Data is now type: <class 'dict'>
{'foo': 1, 'bar': 2, 'spam': ['spam', 'spam', 'spam']}


In [79]:
class User:
    def __init__(self, name, email):
        self.name = name
        self.email = email


    def to_json(self):
        return json.dumps(
            {
                'name': self.name,
                'email': self.email
            })

    @staticmethod
    def from_json(data):
        data = json.loads(data)
        return User(data['name'], data['email'])


In [80]:
u = User('Alice', 'alice@unlockingpython.com')
data = u.to_json()
new_u = User.from_json(data)
print(new_u.name)
print(new_u.email)

Alice
alice@unlockingpython.com


In [81]:
import pickle

u = User('Alice', 'alice@unlockingpython.com')

with open('alice.pkl', 'wb') as f:
    pickle.dump(u, f)

In [82]:
with open('alice.pkl', 'rb') as f:
    new_u = pickle.load(f)

In [83]:
new_u.name

'Alice'

## Exercises

**1.**
For each of the following pieces of code, predict if they will run successfully or raise an error. you can double-check in Python if you’re unsure:

  **a.**
```
with open('test.txt', 'a') as f:
    f.write('line 1\n')
    f.write('line 2\n')
    f.read()
```
    
  **b.**
```
with open('test.txt', 'w+') as f:
    f.write('line 1\n')
    f.write('line 2\n')
    f.read()
```

  **c.**
```
with open('test.txt', 'r+') as f:
    f.write('line 1')
```

  **d.**
```
with open('test.txt', 'w+') as f:
    f.write('line 1')
f.read()
```

**2.**

Read the file `15_colors.col`, generated from the string `FF0000FFA500FFFF000080000000FF800080` (this string and code that generates it is included in the exercise files) and convert it back into pretty-printed hex codes of this form:

`#FF0000, #FFA500, etc.`

**3.** 

Write a function, `remove_directory`, that performs the same action as `shutil.rmtree`, using only functions from the `os` module. When a valid directory path is passed to the function `remove_directory`, it should empty it of all files and directories if it’s not already empty, and then remove it with `os.rmdir`.

Remember that any directories within the target directory can have files and directories of their own. The structure you are deleting may be several levels deep! You may want to consider a recursive solution.

**4.**

In Chapter 10, “Functions,” exercise problem 4, we covered the concept of run-length encoding and wrote the functions encode and decode in order to compress ASCII art. Working solutions for the encode and decode functions are provided in the exercise files for you to use:

In [85]:
def encode(data_str):
    encoded_data = []
    count = 0
    last_char = data_str[0]
    for char in data_str:
        if char != last_char: # encountered a new character!
            encoded_data.append((last_char, count))
            count = 0
            last_char = char
        count += 1
    encoded_data.append((last_char, count))
    return encoded_data

def decode(encoded_data):
    data_str = ''
    for char, count in encoded_data:
        data_str += char * count
    return data_str
        

Use these, or your own solution, these to read the file `15_ascii.txt` (which is 2,754 bytes in size), compress it using the encode function, and write the result to a binary file `15_ascii.bin`.

Consider the minimum amount of information needed to be written to the binary file.

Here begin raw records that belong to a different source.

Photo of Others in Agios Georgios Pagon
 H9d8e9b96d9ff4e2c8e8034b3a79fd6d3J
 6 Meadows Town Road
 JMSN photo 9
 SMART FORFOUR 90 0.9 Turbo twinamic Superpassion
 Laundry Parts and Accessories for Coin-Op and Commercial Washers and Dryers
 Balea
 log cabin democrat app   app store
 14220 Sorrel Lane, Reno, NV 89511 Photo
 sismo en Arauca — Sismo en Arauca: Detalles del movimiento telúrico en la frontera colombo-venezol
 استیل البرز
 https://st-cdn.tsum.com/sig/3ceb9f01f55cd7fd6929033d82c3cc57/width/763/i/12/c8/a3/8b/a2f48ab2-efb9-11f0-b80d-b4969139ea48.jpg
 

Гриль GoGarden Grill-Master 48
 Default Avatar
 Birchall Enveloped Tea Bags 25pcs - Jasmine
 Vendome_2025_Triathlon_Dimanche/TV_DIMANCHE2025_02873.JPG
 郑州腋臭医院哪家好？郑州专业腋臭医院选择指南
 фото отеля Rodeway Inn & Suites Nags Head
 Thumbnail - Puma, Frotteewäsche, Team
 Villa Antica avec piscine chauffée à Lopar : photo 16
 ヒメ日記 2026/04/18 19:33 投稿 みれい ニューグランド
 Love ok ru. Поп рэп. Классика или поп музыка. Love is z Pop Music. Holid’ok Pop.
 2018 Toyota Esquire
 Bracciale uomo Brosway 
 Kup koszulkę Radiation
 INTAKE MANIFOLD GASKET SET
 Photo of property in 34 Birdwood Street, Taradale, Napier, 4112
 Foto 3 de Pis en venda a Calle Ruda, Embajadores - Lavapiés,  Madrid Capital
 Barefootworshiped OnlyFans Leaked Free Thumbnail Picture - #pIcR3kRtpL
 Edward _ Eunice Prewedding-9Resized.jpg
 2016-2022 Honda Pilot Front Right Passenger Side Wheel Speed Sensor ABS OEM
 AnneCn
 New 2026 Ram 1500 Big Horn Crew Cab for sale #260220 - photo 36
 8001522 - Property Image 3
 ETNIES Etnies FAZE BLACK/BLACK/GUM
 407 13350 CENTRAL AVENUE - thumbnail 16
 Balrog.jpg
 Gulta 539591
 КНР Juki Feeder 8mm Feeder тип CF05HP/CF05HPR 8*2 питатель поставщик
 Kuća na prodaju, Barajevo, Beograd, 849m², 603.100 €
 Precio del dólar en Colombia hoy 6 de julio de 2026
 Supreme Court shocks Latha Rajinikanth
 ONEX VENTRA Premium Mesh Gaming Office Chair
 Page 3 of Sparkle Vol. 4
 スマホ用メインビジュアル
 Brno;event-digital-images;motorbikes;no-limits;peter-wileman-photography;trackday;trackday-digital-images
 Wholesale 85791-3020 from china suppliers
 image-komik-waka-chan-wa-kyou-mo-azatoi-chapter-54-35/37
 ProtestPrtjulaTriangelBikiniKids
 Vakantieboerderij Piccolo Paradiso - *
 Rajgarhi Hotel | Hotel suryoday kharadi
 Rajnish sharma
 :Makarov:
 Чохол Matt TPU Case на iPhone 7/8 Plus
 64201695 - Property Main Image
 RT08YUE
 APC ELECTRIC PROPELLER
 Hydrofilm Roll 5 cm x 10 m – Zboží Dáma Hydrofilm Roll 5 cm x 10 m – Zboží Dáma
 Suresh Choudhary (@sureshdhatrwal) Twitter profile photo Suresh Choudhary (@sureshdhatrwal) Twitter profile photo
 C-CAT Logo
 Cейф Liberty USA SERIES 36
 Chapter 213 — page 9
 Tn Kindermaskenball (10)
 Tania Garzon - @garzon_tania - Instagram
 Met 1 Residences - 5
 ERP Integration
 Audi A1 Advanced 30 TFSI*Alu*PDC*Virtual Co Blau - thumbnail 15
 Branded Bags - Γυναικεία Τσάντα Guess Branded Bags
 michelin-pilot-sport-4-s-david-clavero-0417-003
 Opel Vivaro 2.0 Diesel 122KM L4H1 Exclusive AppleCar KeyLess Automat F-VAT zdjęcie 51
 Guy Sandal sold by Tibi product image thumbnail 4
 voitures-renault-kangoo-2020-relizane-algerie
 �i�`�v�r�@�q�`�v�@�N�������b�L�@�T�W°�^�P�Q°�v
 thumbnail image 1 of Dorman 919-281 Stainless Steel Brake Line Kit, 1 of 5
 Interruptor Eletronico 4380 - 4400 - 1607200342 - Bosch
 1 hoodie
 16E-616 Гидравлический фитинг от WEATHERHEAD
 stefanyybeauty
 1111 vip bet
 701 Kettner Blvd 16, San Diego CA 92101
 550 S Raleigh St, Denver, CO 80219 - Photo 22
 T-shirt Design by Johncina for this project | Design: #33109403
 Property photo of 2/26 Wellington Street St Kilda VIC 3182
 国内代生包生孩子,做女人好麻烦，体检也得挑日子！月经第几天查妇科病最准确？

You will probably want to write a single character, followed by an 8-bit number, followed by another character, followed by another 8-bit number, etc. What is the resulting size of this file?

Finally, write a function that reads the file back in and decompresses it using the decode function. Check that the decompressed version looks the same as the original!